■ **Work to be completed**: Write out the data word for word and omit every picture.

■ **Material provided**:
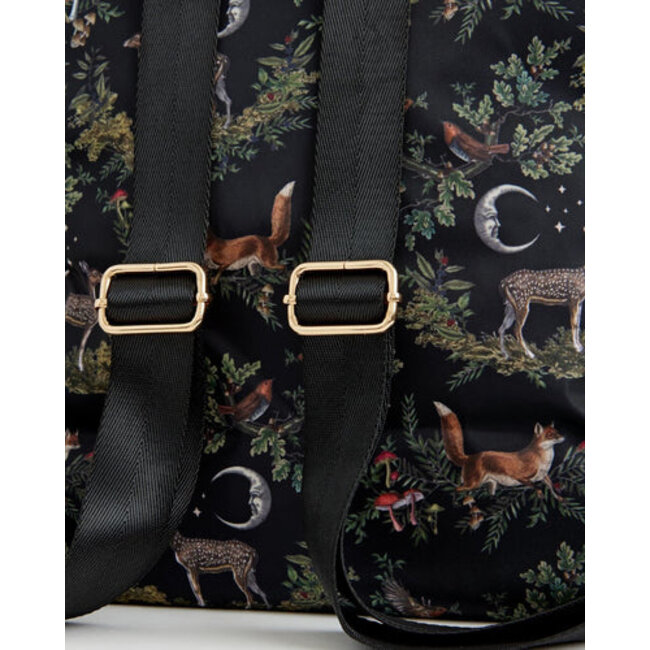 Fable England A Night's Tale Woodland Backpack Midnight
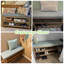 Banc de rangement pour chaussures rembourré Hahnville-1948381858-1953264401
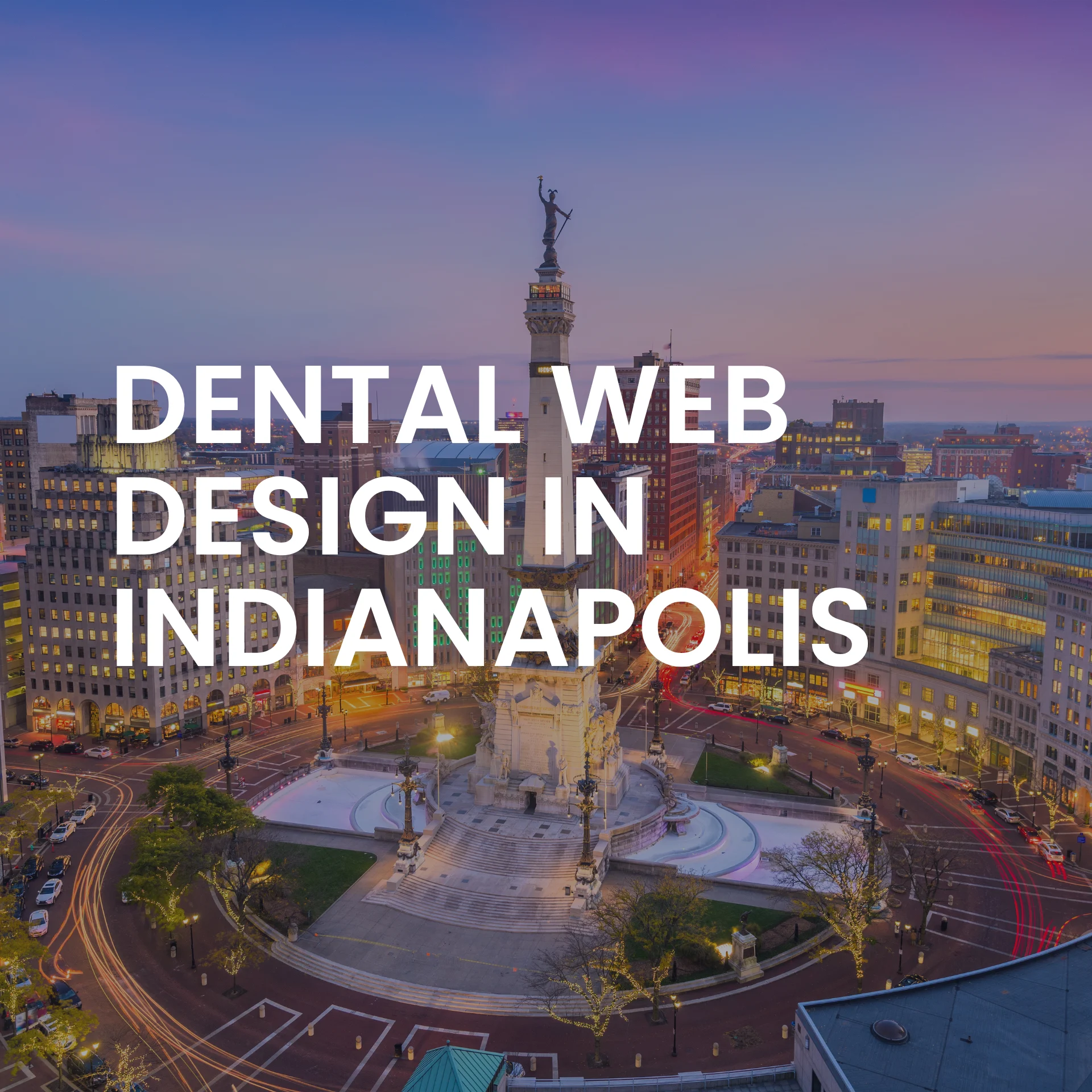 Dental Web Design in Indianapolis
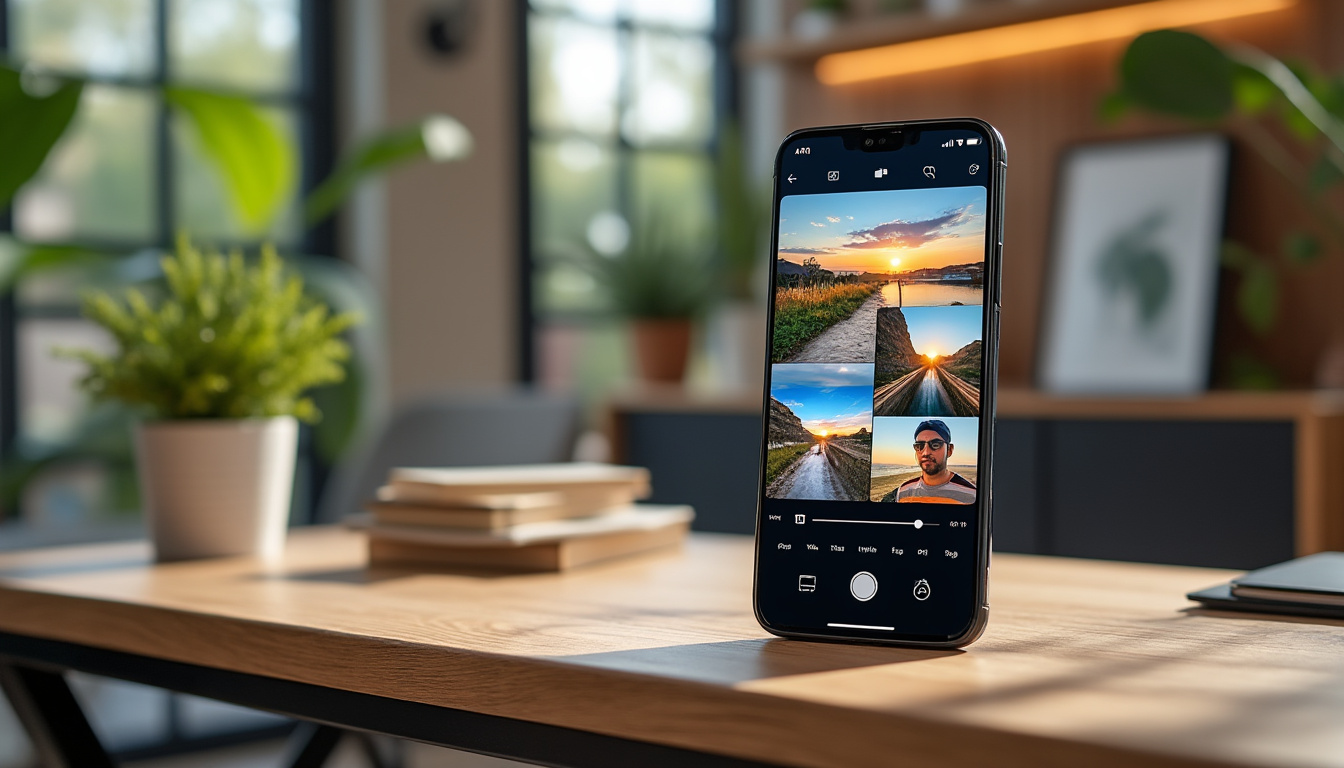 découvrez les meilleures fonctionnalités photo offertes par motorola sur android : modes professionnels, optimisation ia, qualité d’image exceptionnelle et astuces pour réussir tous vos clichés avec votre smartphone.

■ **Task answer**:
 Fable England A Night's Tale Woodland Backpack Midnight
 Banc de rangement pour chaussures rembourré Hahnville-1948381858-1953264401
 Dental Web Design in Indianapolis
 découvrez les meilleures fonctionnalités photo offertes par motorola sur android : modes professionnels, optimisation ia, qualité d’image exceptionnelle et astuces pour réussir tous vos clichés avec votre smartphone.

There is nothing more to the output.